Although the rate of recall of previously forgotten traumatic events was shown by Elliot and Briere (1996) to be unaffected by whether or not the victim had a history of being in psychotherapy, individuals who report repressed memories are more susceptible to producing false memories than individuals who could always recall the memory. Williams found that among women with confirmed histories of sexual abuse, approximately 38% did not recall the abuse 17 years later, especially when it was perpetrated by someone familiar to them. Hopper cites several studies which indicate that some abuse victims will have intervals of complete amnesia for their abuse. Peer-reviewed and clinical studies have documented the existence of recovered memory; one website lists 43 legal cases where an individual whose claim to have recovered a repressed memory has been accepted by a court.
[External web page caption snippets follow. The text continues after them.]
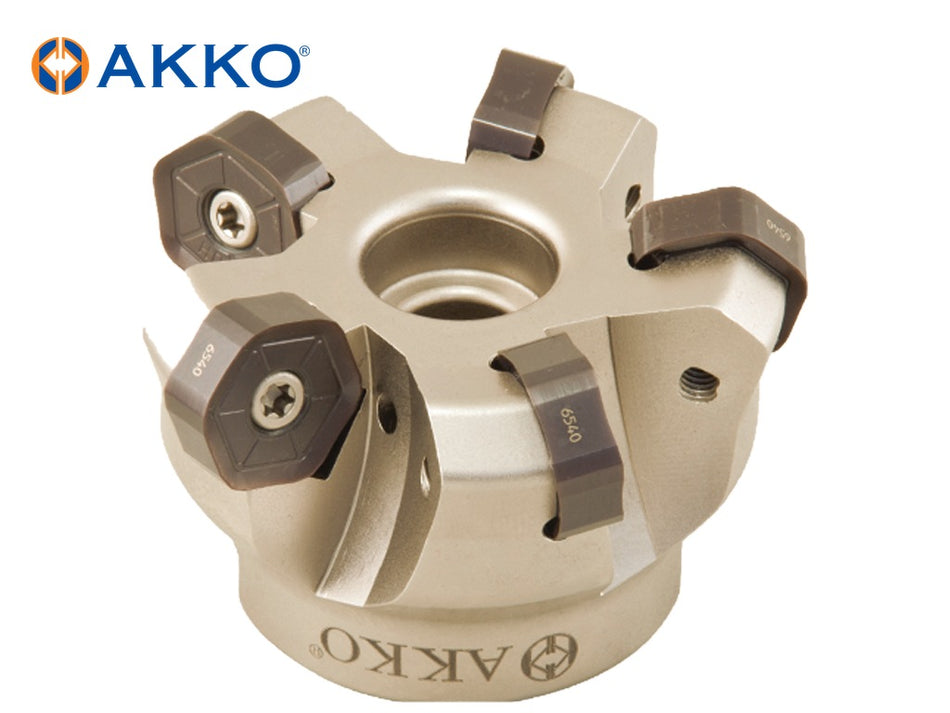 AKKO AFM45L-HN Face Mill
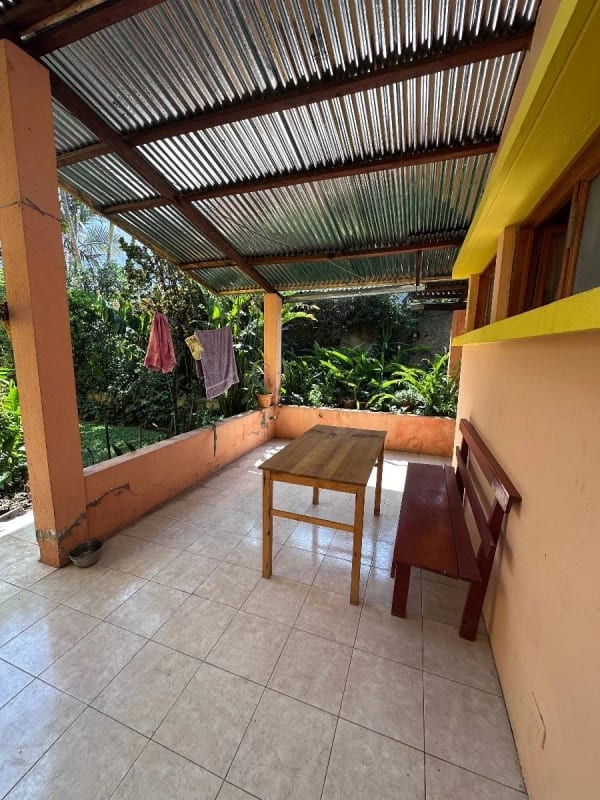 Panajachel propriedad Unica en el centro de Jucanya — Casa en Venta en Panajachel, Sololá — foto 8 de 14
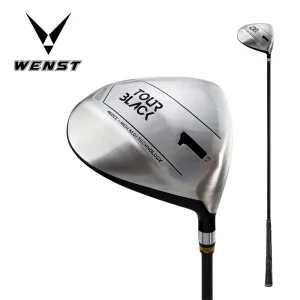 Aluminum Right Handed Graphite & Steel Shaft Golf Driver Head OEM Brand 9 13 Loft 56 60 Lie Complete Golf Set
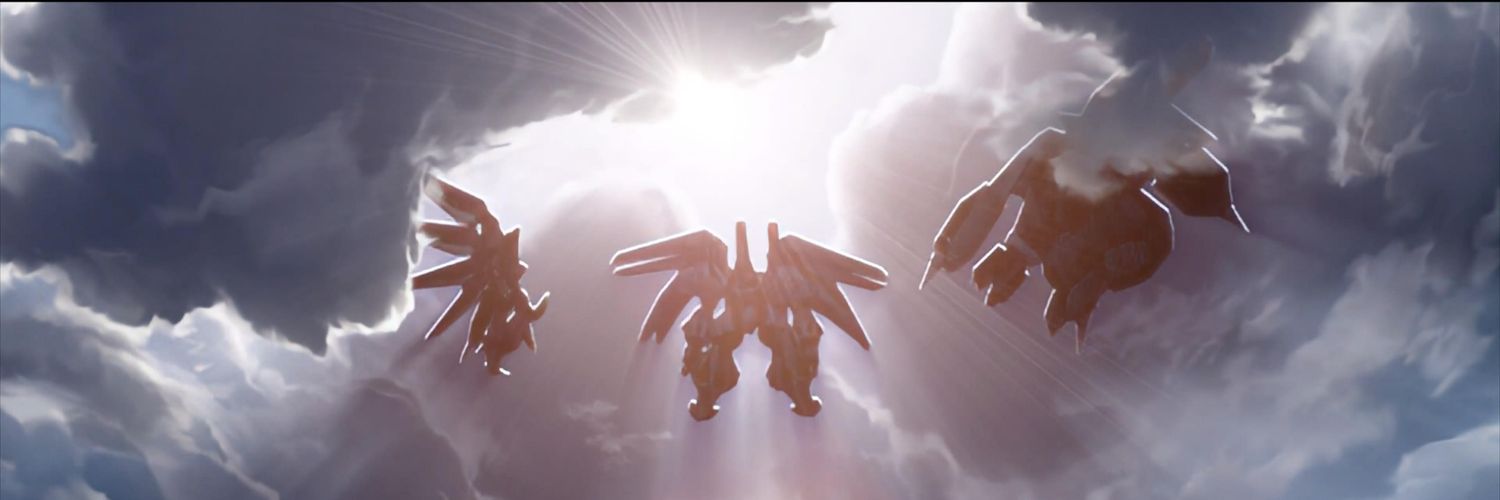 Zaby-Arc banner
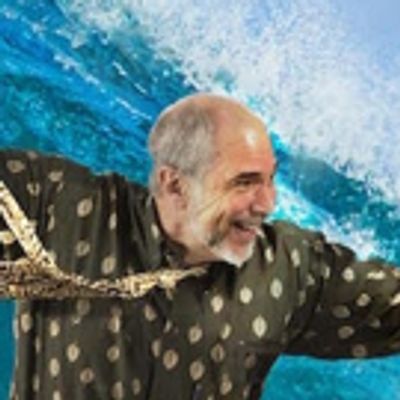 BWW Feature: ANDYLAND - An Amalgam of Music (Brontosaurus Records)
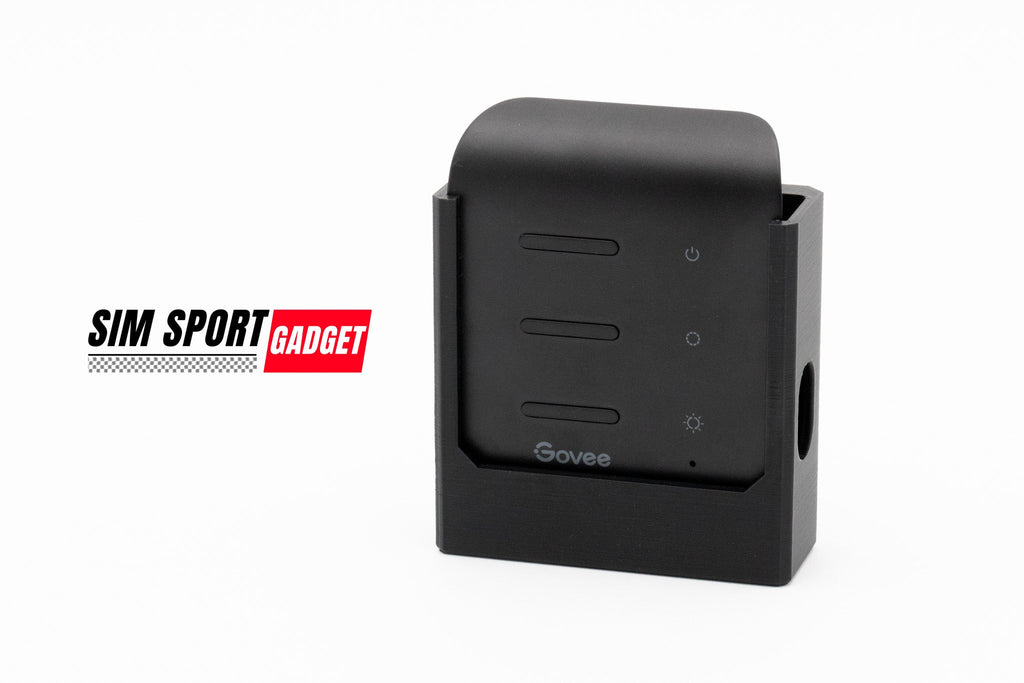 Remote Mount for Govee Light Bar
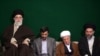 As Regime Turns Up The Heat, Iran's Rafsanjani Abides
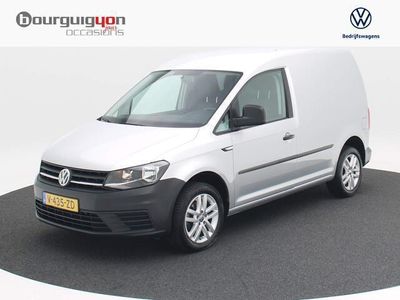 tweedehands VW Caddy 2.0 TDi Business | Airco | 16 Inch | Cruise Controle | 89.922 Km!!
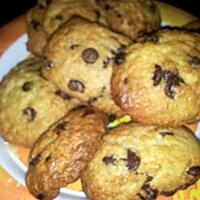 recette cookies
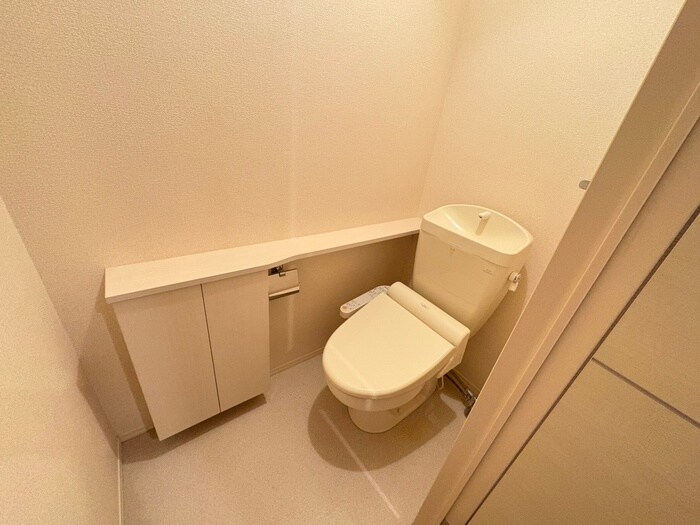 クールハイツⅡの物件内観写真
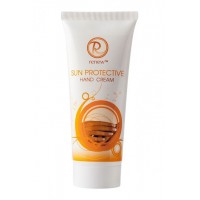 Крем для рук Sun Protective Hand Cream Renew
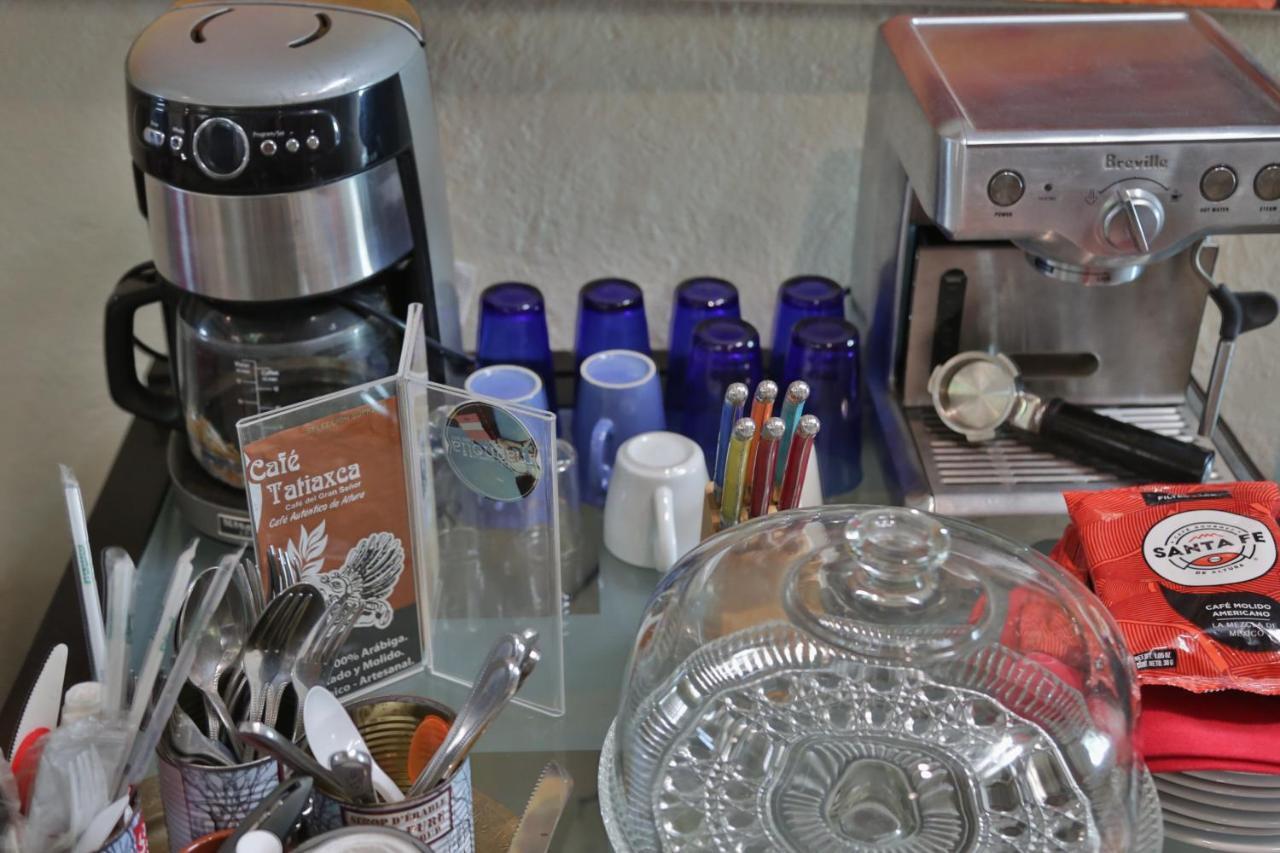 La Pantera Negra Bed & Breakfast 3*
Traumatic amnesia, which allegedly involves the forgetting of specific traumatic events for long periods of time, is highly controversial, as is repression, the psychodynamic explanation of traumatic amnesia. Because these concepts lack good empirical support, psychological scientists are skeptical about the validity of "recovered memories", and argue that some therapists, through suggestive techniques, have (un)knowingly encouraged false memories of victimization.

==Evidence against==
The idea that subjects can actively inhibit a memory has many critics. MacLeod (2003) challenged the idea of inhibition in cognitive control, arguing that inhibition can be attributed to conflict resolution, which is the error-prone act of choosing between two similar values that do not necessarily have the same pair. Re-examine the pairs from above: Food-Cracker, Food-Strawberry, Red-Tomato, and Red-Blood. Memory inhibition theories suggest that recall of strawberry decreases when recall of tomato decreases because tomato's attributes are inhibited when red-blood is learned. MacLeod argues that inhibition does not take place, but instead is the result of confusion between similar word-pairs like food-tomato and red-strawberry that can lead to errors. This is different from tomato's attributes being inhibited. "In most cases where inhibitory mechanisms have been offered to explain cognitive performance", explains MacLeod, "non-inhibitory mechanisms can accomplish the same goal" (p. 203).